Der Geschäftsführer der Baufirma, die zugesagt hatte, für die Familie kostenlos ein Haus zu bauen, sei über den Sommer kaum erreichbar gewesen, da die wenigen Monate Hochsaison in der Baubranche sind. Als endlich das lang ersehnte Treffen vor Ort stattfand, gab es ein neues Problem: der am Hang liegende Bauplatz ist nur schwer für große Baufahrzeuge zugänglich. Deshalb soll nun erst einmal eine Zufahrtsstraße eingerichtet werden. Weil das neue Zuhause auch eingerichtet sein will, organisieren die Mitglieder von Pharos einen Hilfstransport. Seit Monaten werden Betten, Schränke, eine komplette Einbauküche mit Geräten, Sofa und Sessel, Bettzeug, Töpfe, Pfannen, Schüsseln, Teller, Besteck und vieles mehr zusammengetragen, bei einem Vereinsmitglied zwischengelagert und peinlich genau für die Zollerklärung notiert. "Die kinderreiche Familie hat buchstäblich nichts, keine Möbel, kaum Küchenausstattung, außer ein paar alten, verschmutzten Decken kein Bettzeug und so weiter."

Die Echterdinger Firma Mages will dem Verein zu günstigen Konditionen einen Lastwagen für den Transport der Einrichtungsgegenstände nach Südosteuropa vermieten. Partner in Sarajewo ist das Rote Kreuz, das als offizieller Empfänger fungiert und die Befreiung von Zoll und Mehrwertsteuer beim entsprechenden Ministerium beantragt.

"Die seit März eingerichtete Schulküche in Fakovici, einem Dorf in Ostbosnien, läuft bestens. Die Zahl der Schulkinder hat sich von 16 auf 21 erhöht. Seit Anfang März bekommt jedes Kind während der Schulzeit am späten Vormittag ein gesundes, warmes Mittagessen.

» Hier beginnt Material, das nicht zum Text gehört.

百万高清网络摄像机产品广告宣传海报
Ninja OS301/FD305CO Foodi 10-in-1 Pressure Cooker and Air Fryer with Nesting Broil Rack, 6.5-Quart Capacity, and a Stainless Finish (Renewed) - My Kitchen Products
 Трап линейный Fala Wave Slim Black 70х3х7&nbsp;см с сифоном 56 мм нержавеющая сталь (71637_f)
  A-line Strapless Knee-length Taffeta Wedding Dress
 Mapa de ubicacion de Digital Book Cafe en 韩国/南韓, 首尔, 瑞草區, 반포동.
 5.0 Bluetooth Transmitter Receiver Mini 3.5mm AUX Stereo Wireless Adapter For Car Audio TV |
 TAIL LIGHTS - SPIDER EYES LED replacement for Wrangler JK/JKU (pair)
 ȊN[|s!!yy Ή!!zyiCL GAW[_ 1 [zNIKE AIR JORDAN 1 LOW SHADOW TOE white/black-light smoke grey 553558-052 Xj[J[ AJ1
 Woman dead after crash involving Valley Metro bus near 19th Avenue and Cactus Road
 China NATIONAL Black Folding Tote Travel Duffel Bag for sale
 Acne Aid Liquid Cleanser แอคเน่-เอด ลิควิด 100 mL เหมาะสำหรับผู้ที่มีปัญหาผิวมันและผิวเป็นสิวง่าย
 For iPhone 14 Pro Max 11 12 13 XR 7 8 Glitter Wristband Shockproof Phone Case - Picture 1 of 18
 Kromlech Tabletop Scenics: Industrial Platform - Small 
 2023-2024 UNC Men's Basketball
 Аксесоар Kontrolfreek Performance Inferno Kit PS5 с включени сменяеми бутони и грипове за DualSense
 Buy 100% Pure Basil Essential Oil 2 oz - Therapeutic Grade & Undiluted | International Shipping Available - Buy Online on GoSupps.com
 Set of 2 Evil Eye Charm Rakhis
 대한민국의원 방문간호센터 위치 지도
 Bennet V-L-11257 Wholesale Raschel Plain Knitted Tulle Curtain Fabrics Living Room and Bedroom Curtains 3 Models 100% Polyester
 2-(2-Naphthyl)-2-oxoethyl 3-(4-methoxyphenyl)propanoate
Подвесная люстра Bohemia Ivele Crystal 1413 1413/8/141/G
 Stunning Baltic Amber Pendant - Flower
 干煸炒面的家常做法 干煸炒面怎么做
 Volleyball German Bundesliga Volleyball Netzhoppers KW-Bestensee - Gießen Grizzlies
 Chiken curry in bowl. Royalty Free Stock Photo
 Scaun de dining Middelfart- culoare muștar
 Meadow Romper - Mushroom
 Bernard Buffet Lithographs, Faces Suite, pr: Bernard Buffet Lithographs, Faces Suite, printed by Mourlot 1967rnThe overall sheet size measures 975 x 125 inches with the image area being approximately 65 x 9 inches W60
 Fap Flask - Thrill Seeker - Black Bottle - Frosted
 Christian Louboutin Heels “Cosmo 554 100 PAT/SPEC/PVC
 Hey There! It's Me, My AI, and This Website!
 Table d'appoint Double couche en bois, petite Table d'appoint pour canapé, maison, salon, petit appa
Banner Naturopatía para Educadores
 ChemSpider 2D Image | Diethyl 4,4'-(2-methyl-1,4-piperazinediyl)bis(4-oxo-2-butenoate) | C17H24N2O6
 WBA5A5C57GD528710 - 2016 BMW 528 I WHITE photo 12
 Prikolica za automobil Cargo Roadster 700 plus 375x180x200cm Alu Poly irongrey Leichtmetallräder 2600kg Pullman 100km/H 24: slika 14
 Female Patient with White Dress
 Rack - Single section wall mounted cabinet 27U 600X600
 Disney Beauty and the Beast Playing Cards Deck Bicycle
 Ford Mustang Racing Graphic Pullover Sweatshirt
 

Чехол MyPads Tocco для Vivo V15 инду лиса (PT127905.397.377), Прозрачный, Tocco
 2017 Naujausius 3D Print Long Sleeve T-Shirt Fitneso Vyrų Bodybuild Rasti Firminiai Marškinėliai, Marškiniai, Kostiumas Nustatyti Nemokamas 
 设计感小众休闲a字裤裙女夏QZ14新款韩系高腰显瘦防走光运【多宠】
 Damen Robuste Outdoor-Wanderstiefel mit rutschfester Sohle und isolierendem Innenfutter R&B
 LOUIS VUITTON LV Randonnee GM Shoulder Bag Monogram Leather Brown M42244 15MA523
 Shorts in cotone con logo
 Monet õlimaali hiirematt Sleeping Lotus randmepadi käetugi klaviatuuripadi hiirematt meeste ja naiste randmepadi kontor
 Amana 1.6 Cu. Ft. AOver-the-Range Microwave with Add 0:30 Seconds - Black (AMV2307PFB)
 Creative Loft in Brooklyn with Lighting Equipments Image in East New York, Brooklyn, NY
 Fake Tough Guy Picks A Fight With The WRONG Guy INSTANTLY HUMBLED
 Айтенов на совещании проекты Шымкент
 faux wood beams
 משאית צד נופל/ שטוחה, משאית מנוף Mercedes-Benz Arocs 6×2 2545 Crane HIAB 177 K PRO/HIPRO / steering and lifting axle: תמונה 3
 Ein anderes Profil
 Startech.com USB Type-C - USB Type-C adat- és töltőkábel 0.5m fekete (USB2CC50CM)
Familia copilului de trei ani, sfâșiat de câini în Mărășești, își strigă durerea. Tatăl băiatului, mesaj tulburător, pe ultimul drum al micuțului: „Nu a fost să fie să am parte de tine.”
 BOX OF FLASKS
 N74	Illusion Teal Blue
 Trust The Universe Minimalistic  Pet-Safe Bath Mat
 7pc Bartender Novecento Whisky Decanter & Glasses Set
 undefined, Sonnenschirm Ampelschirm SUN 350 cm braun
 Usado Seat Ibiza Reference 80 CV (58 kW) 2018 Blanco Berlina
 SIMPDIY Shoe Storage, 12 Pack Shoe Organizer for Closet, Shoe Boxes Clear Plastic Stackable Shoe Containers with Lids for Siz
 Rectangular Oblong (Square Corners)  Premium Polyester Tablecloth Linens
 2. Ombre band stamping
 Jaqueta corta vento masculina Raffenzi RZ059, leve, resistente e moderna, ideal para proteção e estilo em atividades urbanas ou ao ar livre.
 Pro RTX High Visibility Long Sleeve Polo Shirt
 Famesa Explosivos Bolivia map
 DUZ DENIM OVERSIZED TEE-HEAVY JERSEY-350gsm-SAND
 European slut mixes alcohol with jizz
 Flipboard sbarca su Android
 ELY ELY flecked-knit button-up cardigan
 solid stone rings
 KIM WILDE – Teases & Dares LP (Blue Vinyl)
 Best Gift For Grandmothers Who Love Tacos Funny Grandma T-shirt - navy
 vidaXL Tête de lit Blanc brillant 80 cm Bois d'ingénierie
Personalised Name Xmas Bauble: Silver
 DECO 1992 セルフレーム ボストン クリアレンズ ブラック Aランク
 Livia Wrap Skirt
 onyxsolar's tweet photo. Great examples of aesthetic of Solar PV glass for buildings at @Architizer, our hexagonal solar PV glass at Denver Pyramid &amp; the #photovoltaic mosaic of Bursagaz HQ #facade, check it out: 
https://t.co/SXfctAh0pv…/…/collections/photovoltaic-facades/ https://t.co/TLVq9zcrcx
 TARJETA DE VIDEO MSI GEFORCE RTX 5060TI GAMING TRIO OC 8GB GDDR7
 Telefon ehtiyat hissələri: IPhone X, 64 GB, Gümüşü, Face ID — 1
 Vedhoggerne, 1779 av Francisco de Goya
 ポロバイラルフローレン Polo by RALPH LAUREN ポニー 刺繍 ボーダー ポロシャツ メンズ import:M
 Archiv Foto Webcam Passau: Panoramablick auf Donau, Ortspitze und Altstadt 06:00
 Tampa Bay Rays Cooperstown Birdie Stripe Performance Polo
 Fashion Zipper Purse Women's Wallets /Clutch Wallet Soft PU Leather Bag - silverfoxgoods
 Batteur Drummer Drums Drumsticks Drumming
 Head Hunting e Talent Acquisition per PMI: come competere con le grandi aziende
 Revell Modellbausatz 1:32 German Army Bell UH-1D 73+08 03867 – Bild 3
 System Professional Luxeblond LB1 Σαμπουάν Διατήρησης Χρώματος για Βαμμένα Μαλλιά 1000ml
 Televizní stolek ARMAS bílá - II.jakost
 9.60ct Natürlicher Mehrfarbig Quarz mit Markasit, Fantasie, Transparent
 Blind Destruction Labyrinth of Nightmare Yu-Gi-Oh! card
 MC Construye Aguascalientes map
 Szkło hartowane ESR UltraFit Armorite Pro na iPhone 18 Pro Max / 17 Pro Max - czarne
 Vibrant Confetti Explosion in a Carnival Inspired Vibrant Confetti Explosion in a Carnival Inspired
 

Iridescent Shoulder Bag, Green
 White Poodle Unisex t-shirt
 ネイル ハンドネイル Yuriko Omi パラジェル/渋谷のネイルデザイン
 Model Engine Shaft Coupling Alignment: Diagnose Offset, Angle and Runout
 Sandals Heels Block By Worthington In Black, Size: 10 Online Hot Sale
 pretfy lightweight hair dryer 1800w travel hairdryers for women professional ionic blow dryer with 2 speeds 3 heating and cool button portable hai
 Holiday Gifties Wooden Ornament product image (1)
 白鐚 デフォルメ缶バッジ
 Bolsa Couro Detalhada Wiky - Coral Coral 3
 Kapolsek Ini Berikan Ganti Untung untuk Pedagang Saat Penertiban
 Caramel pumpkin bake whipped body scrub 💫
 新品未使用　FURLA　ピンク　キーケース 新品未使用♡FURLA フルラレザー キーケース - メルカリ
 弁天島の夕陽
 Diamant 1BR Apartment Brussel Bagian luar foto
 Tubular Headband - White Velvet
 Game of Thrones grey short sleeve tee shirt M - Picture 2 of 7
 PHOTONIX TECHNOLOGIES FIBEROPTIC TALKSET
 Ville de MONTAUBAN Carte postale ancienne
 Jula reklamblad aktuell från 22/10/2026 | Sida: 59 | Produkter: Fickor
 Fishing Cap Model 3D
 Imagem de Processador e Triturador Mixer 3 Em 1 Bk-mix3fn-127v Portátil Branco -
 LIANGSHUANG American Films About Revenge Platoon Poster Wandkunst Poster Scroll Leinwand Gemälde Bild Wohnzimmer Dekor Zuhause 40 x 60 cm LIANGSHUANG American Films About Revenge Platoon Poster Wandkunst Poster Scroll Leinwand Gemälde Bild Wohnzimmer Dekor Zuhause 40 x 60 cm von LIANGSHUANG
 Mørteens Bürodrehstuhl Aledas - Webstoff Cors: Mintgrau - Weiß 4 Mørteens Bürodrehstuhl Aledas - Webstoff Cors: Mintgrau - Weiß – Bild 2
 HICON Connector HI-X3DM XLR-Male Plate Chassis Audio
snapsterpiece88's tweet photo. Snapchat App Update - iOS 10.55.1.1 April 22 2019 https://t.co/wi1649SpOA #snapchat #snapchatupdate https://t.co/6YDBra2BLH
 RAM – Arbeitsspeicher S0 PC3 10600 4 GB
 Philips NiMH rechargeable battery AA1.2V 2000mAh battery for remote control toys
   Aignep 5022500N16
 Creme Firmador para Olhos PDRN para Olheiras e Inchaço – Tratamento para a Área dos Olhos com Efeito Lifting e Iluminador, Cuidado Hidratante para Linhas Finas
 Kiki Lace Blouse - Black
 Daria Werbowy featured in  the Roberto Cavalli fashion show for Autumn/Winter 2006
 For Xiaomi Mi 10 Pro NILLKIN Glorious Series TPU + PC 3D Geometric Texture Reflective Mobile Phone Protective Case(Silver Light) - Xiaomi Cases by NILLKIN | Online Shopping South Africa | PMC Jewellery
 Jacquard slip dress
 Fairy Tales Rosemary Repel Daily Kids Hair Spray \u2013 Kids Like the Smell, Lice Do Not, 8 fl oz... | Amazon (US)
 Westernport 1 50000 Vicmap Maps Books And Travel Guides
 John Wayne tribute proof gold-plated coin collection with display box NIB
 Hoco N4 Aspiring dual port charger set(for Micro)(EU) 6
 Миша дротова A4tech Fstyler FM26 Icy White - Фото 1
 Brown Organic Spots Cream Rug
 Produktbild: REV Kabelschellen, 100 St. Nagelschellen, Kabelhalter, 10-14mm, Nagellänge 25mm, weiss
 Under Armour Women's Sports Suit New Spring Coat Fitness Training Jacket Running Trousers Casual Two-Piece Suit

Der Speiseplan wird jeden Monat von einer Ernährungswissenschaftlerin zusammengestellt, die ganz genau ausrechnet, wie viel Kalorien jede Mahlzeit haben muss, welche Vitamine und Mineralien enthalten sind und wie viel Gewicht die einzelnen Komponenten der Mahlzeit haben müssen", berichtet Ingrid Halbritter stolz von einem weiteren von ihr betreuten Projekt.

Durch die größere Schülerzahl habe der Verein Pharos das jährliche Budget etwas erhöhen müssen. Darüber hinaus seien neue Stühle und Tische gekauft worden und auch an der Finanzierung des Brennholzes für die Heizung beteilige man sich. Außerdem versuchten die Koordinatorinnen des Partnervereins "Golub" vor Ort unermüdlich, die Eltern der Kinder zu ehrenamtlichen Arbeitseinsätzen sowie die Gemeinde oder andere Geldgeber zur finanziellen Unterstützung des Projekts zu bewegen.